CLEVELAND (Reuters) – Three young Ohio women freed two months ago from a decade of captivity in the home of a former school bus driver spoke publicly for the first time since their ordeal in a video released early on Tuesday thanking supporters and loved ones.
The video was filmed last week in the offices of the law firm managing a trust fund established for the three women, who took turns in separate appearances before the camera to express gratitude for donations to the fund and for a chance to rebuild their lives.
Organizers said the Cleveland Courage Fund has grown to more than $1 million as of July 2, with over 9,200 individuals making contributions.
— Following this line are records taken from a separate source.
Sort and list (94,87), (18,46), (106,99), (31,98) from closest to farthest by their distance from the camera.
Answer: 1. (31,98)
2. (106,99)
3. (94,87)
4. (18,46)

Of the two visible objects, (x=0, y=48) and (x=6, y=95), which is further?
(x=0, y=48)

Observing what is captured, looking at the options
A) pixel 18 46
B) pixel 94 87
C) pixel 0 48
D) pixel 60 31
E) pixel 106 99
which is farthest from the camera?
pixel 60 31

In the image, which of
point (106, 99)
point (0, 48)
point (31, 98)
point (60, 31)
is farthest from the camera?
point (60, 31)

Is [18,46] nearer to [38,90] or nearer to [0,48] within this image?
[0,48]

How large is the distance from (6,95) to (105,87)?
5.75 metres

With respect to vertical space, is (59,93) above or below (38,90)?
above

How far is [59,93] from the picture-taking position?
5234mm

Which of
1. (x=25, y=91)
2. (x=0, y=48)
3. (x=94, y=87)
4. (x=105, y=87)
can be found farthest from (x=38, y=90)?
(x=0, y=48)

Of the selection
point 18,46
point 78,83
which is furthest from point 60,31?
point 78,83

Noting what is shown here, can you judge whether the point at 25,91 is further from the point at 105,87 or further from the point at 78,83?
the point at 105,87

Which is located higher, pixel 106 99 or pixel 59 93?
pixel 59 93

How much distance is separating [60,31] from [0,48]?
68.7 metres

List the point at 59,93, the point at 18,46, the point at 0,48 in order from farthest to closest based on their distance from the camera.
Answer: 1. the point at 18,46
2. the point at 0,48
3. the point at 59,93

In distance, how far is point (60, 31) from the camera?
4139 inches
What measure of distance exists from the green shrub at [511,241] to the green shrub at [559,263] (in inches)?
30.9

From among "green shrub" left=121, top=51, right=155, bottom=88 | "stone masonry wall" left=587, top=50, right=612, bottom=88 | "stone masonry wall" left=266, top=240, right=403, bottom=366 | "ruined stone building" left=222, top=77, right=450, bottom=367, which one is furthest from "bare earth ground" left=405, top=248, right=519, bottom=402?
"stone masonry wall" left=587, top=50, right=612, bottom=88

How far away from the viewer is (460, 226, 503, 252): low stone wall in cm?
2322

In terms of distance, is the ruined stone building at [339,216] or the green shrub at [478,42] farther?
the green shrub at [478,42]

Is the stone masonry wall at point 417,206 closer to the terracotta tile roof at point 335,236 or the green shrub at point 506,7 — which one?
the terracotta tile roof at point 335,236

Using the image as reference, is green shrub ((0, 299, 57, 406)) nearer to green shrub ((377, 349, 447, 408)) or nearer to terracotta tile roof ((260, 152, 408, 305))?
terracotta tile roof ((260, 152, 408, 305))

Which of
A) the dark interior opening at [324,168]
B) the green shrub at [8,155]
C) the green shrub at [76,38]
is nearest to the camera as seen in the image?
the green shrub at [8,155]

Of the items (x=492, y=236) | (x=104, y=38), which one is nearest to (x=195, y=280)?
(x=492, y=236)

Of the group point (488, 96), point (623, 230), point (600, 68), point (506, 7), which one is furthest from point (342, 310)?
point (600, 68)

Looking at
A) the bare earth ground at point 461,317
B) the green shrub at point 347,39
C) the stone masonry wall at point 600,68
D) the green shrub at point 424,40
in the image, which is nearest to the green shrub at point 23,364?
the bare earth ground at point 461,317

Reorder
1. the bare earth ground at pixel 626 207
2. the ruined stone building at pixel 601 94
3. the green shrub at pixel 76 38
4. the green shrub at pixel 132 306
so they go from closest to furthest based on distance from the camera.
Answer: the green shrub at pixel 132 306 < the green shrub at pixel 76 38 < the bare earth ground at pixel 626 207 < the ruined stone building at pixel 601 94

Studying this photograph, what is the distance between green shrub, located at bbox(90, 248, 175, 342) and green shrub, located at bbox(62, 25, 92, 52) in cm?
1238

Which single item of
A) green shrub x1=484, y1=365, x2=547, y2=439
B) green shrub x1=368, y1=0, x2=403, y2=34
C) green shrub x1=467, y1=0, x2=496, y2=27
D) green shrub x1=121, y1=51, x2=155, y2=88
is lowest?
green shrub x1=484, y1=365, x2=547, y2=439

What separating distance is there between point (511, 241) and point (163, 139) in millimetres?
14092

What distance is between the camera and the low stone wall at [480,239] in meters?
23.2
The 3 1/2-minute long video marked the first sustained glimpse of all three women – Amanda Berry, 27, Gina DeJesus, 23, and Michelle Knight, 32 – since they were rescued on May 6.
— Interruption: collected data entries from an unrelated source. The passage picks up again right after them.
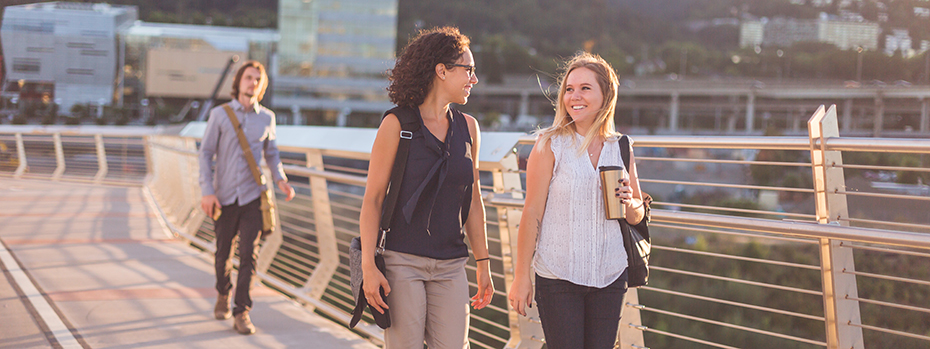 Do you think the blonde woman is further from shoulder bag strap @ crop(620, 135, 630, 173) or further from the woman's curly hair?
the woman's curly hair

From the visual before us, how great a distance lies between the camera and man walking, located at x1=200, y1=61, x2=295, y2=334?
4488mm

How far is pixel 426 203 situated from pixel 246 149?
2.49m

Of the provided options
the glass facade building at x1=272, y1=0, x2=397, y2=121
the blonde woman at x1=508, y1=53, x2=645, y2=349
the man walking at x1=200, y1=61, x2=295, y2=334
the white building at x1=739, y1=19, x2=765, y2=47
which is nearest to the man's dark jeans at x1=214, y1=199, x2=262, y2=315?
the man walking at x1=200, y1=61, x2=295, y2=334

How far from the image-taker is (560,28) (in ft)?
484

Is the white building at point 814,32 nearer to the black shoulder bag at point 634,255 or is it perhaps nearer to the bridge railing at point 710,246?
the bridge railing at point 710,246

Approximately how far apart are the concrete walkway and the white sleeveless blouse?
222cm

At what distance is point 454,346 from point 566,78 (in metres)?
0.95

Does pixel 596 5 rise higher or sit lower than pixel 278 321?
higher

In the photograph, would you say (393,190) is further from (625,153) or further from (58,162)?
(58,162)

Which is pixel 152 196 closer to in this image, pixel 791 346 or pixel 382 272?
pixel 382 272

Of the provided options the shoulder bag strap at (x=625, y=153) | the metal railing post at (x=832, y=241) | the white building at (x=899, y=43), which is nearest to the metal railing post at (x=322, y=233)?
the shoulder bag strap at (x=625, y=153)

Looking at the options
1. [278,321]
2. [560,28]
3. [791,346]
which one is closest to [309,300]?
[278,321]

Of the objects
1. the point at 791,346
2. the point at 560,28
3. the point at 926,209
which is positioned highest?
the point at 560,28

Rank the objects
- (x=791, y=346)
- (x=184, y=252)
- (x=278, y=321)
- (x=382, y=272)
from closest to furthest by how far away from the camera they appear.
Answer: (x=382, y=272), (x=278, y=321), (x=184, y=252), (x=791, y=346) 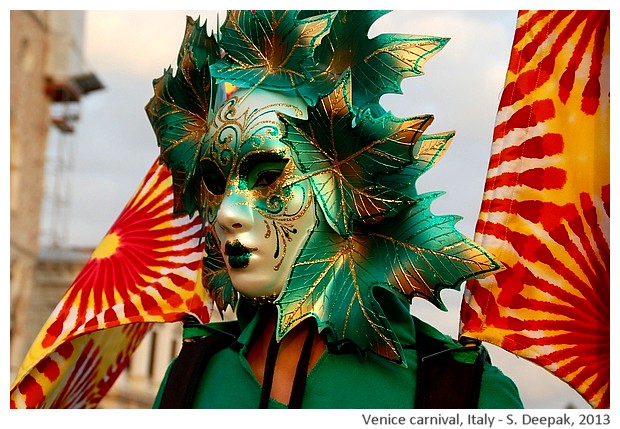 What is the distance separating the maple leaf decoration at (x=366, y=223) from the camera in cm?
242

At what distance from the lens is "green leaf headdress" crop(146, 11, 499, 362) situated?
2424mm

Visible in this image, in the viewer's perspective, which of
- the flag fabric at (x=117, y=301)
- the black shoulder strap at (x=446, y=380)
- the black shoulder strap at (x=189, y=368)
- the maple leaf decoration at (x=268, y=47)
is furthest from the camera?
the flag fabric at (x=117, y=301)

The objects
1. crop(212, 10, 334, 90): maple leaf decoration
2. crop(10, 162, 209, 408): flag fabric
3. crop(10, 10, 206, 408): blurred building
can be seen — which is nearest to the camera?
crop(212, 10, 334, 90): maple leaf decoration

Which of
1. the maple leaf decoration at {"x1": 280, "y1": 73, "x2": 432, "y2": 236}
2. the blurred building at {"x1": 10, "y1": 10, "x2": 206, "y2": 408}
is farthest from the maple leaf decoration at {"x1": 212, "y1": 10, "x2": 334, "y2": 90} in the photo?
the blurred building at {"x1": 10, "y1": 10, "x2": 206, "y2": 408}

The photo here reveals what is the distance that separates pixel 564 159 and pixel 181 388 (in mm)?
1081

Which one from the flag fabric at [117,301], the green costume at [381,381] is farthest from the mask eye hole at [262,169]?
the flag fabric at [117,301]

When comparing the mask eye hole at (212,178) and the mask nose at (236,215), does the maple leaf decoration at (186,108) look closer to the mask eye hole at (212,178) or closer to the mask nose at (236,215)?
the mask eye hole at (212,178)

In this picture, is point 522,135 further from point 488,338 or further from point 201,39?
point 201,39

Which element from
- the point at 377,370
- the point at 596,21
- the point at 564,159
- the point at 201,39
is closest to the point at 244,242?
the point at 377,370

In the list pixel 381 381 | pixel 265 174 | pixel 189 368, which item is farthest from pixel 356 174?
pixel 189 368

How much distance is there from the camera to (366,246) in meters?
2.49

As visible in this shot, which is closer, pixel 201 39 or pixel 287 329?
pixel 287 329

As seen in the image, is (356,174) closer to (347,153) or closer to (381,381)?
(347,153)

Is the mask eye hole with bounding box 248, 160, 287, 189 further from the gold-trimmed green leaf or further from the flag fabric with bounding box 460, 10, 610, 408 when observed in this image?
the flag fabric with bounding box 460, 10, 610, 408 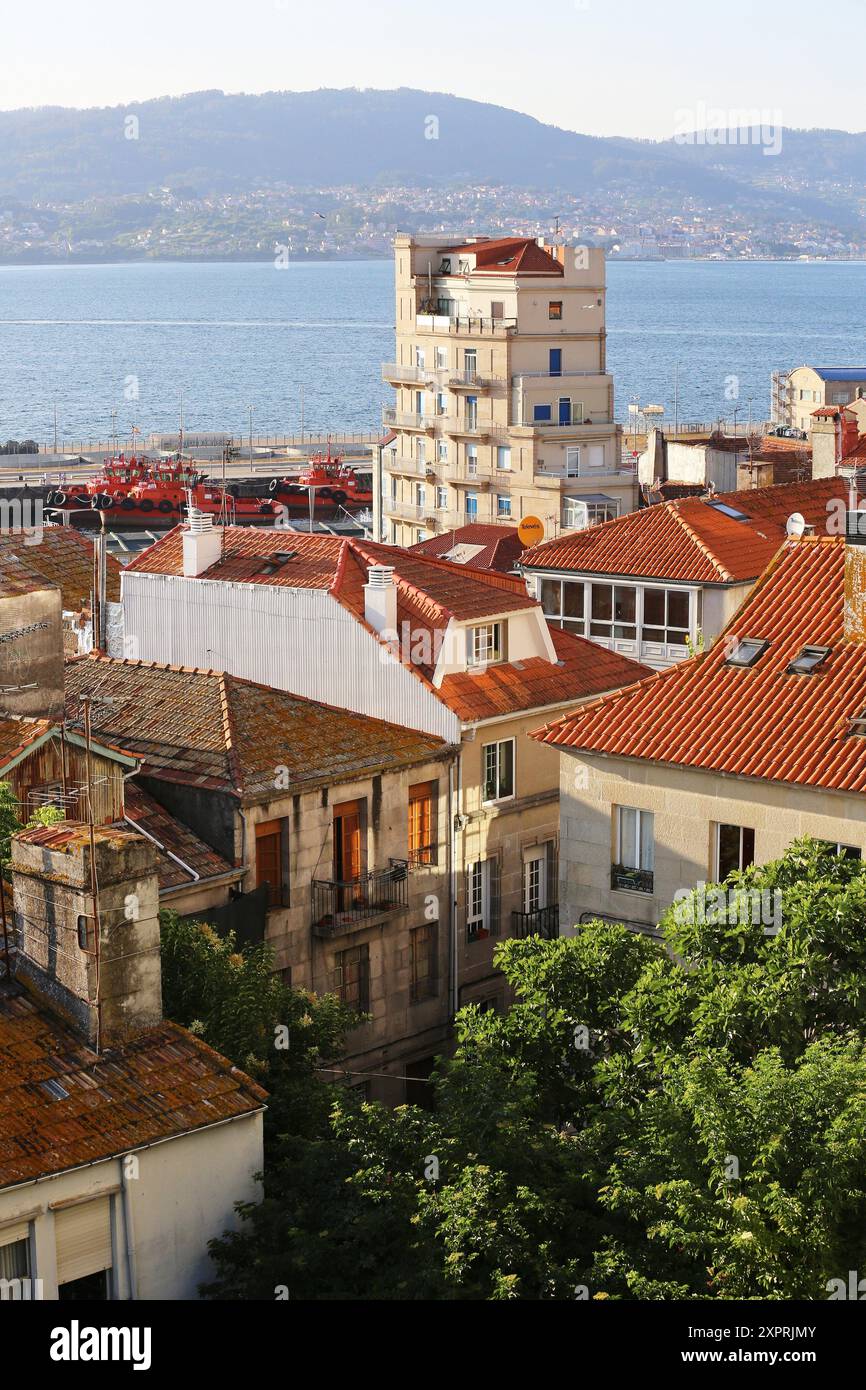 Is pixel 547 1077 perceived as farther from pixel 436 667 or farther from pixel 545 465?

Ariel Castro, fired last fall from his job as a Cleveland school bus driver, has been charged with kidnapping the three victims between 2002 and 2004 and brutalizing them while holding them captive in his house over the next 10 years.
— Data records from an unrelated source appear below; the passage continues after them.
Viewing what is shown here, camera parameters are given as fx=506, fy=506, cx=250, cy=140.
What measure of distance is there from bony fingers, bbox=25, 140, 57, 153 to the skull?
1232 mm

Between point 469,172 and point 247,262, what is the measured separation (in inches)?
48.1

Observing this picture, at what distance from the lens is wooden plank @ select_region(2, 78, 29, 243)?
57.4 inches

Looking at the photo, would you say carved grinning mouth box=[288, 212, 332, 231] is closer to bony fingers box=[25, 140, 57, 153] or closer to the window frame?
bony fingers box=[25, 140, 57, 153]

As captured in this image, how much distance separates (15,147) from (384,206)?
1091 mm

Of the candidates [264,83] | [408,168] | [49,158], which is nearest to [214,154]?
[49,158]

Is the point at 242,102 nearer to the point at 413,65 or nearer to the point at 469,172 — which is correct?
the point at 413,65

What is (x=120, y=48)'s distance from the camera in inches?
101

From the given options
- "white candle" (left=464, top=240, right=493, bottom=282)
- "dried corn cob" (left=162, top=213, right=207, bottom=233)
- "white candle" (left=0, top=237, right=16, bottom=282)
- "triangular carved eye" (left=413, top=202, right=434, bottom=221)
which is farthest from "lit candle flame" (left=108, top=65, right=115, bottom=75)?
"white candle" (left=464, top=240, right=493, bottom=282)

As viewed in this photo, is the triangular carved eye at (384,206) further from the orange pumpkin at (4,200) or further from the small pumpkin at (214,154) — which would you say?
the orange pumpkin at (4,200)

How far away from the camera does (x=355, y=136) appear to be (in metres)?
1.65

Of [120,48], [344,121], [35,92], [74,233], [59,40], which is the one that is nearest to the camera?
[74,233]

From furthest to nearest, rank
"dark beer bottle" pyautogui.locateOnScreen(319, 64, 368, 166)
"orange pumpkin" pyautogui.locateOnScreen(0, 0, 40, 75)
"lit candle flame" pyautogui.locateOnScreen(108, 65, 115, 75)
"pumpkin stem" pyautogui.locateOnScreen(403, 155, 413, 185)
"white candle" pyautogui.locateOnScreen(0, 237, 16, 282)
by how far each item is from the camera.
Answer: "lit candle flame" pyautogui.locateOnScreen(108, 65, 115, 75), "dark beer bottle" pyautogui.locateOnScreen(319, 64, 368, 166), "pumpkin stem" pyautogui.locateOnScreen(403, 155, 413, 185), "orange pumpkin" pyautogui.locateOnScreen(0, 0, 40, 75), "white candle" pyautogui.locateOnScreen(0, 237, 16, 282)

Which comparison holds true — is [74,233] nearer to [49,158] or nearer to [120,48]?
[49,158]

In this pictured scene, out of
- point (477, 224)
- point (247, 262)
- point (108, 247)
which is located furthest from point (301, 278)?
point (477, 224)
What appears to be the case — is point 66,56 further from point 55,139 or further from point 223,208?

Officials said the three women were kept bound for periods of time in chains or rope and that they endured starvation, beatings and sexual assaults. One of them, Knight, was said to have suffered several miscarriages deliberately induced by her captor, for which Castro has been charged with murder.
Explaining the reason for the video’s release, Knight’s lawyer, Kathy Joseph, said, “People are recognizing them now as they go about in public, so they decided to put voices and faces to their heartfelt messages.”
Berry, rescued along with the 6-year-old daughter she bore during her captivity, spoke first, reading from a short statement that thanked family and friends and concluded by asking that “everyone respect our privacy and give us time to have a normal life.”
DeJesus appeared next, stating simply: “I would say thank you for your support.” Her father and mother also spoke briefly.
The video was capped by a lengthier statement from Knight, who said she wanted “everyone to know that I’m doing just fine.”
“I may have been through hell and back, but I’m strong enough to walk through hell with a smile on my face, and with my head held high, and my feet firmly on the ground,” she said, adding she was determined not to “let the situation define who I am.”
Castro, who turns 53 on Wednesday, is scheduled to return to a downtown Cleveland courtroom on June 24. A judge ruled last week that he was competent to stand trial on 329 criminal counts, including charges of kidnapping, rape and aggravated murder.